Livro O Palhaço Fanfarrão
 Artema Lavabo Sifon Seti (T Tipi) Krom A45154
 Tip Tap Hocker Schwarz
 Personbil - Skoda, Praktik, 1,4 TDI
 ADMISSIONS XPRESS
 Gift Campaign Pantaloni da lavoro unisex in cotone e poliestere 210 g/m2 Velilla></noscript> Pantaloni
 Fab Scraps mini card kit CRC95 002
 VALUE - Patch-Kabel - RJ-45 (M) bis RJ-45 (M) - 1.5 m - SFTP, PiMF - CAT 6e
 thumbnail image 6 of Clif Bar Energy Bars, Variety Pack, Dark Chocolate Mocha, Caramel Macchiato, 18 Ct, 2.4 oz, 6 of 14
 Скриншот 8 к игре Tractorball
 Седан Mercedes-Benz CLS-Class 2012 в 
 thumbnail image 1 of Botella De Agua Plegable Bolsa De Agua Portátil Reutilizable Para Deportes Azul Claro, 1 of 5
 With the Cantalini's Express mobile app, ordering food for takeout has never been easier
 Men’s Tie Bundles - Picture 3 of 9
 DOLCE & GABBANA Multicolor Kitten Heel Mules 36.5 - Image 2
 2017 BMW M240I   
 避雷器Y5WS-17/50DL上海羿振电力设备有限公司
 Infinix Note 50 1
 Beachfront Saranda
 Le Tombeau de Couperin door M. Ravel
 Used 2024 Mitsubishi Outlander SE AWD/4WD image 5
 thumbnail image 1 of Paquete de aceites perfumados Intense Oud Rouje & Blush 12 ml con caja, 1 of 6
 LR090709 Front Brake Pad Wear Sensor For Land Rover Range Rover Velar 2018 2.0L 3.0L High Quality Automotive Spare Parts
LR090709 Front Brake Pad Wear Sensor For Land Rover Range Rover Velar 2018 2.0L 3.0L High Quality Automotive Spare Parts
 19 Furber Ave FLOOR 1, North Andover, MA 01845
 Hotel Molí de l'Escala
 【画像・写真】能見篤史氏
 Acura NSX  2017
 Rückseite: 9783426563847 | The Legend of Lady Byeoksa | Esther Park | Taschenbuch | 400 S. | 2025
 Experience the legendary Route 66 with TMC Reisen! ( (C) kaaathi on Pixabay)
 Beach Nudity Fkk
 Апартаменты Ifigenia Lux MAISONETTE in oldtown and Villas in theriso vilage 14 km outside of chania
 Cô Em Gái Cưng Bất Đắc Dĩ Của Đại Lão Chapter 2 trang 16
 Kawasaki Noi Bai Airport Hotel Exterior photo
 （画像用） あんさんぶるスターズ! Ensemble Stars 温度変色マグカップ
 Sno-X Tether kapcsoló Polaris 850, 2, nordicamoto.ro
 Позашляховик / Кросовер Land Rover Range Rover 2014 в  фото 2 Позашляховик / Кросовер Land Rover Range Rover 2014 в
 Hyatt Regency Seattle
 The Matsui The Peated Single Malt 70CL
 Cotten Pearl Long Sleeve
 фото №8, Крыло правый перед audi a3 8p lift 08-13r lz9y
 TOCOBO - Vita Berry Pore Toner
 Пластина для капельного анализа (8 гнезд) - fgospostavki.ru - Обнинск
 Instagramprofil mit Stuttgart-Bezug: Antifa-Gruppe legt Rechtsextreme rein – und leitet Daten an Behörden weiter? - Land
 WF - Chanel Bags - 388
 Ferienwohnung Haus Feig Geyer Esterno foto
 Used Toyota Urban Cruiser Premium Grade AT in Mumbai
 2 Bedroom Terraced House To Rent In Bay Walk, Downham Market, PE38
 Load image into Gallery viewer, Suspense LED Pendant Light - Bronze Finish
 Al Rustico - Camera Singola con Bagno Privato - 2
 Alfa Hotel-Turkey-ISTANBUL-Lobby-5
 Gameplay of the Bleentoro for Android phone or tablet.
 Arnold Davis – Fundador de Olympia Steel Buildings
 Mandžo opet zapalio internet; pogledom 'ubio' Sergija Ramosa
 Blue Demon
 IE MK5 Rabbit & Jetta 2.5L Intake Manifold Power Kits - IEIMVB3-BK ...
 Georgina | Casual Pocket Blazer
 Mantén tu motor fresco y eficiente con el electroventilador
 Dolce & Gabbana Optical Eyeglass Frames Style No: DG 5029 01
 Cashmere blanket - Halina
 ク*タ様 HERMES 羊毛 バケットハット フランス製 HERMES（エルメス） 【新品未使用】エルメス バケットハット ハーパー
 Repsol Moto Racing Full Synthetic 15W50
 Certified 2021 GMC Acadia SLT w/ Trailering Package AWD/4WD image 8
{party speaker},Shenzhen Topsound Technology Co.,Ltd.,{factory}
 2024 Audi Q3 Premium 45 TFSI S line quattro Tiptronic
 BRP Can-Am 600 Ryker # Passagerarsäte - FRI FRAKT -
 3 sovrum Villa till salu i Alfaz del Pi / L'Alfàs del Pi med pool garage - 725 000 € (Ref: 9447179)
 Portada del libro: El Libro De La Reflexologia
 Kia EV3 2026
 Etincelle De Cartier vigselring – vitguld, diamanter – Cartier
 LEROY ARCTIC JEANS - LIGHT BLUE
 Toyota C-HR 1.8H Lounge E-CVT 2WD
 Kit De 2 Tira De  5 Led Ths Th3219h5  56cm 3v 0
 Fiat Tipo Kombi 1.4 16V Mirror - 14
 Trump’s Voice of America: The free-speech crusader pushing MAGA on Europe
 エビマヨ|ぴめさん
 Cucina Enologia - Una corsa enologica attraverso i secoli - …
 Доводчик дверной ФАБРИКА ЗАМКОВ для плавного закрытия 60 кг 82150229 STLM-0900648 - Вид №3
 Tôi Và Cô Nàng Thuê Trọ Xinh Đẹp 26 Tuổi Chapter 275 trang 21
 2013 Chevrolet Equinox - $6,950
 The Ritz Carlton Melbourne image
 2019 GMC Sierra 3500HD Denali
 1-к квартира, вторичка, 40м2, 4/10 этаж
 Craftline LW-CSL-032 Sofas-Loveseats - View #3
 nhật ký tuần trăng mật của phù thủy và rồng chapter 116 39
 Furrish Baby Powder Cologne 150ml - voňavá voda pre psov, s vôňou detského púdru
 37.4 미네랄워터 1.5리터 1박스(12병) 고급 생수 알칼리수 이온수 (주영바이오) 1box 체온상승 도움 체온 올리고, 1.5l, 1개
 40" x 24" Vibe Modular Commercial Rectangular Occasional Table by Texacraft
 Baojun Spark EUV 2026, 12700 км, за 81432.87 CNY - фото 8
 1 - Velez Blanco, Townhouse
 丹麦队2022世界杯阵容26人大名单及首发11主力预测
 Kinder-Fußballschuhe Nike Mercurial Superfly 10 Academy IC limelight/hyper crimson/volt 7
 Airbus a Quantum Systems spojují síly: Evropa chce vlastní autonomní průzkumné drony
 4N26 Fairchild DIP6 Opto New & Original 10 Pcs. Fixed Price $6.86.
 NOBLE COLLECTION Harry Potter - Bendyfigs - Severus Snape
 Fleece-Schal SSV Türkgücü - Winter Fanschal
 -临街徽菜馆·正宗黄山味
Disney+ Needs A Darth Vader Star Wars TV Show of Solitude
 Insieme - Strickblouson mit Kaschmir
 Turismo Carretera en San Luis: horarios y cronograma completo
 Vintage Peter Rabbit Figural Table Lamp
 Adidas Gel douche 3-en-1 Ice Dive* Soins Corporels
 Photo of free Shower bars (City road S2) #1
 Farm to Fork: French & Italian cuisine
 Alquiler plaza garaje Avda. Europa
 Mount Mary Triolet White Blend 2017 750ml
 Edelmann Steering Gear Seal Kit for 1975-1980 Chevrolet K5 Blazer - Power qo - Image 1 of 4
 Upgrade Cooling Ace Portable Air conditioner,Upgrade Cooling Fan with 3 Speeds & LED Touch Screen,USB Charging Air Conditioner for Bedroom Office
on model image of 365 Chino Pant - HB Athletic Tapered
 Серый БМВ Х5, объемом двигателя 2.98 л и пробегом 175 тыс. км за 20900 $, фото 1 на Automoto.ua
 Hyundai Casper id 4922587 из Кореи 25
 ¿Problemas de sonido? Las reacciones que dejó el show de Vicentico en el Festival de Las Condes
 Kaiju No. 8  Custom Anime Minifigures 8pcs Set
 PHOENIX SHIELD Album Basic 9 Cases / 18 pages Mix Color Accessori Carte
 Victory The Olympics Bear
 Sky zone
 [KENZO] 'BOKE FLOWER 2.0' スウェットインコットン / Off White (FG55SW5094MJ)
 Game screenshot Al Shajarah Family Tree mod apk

Brief –
Beginning with the line holding "2 Bedroom Terraced" and ending with the line holding "Cashmere blanket - Halina", write out the stretch of material above exactly; add no further lines.

Output for this exercise –
 2 Bedroom Terraced House To Rent In Bay Walk, Downham Market, PE38
 Load image into Gallery viewer, Suspense LED Pendant Light - Bronze Finish
 Al Rustico - Camera Singola con Bagno Privato - 2
 Alfa Hotel-Turkey-ISTANBUL-Lobby-5
 Gameplay of the Bleentoro for Android phone or tablet.
 Arnold Davis – Fundador de Olympia Steel Buildings
 Mandžo opet zapalio internet; pogledom 'ubio' Sergija Ramosa
 Blue Demon
 IE MK5 Rabbit & Jetta 2.5L Intake Manifold Power Kits - IEIMVB3-BK ...
 Georgina | Casual Pocket Blazer
 Mantén tu motor fresco y eficiente con el electroventilador
 Dolce & Gabbana Optical Eyeglass Frames Style No: DG 5029 01
 Cashmere blanket - Halina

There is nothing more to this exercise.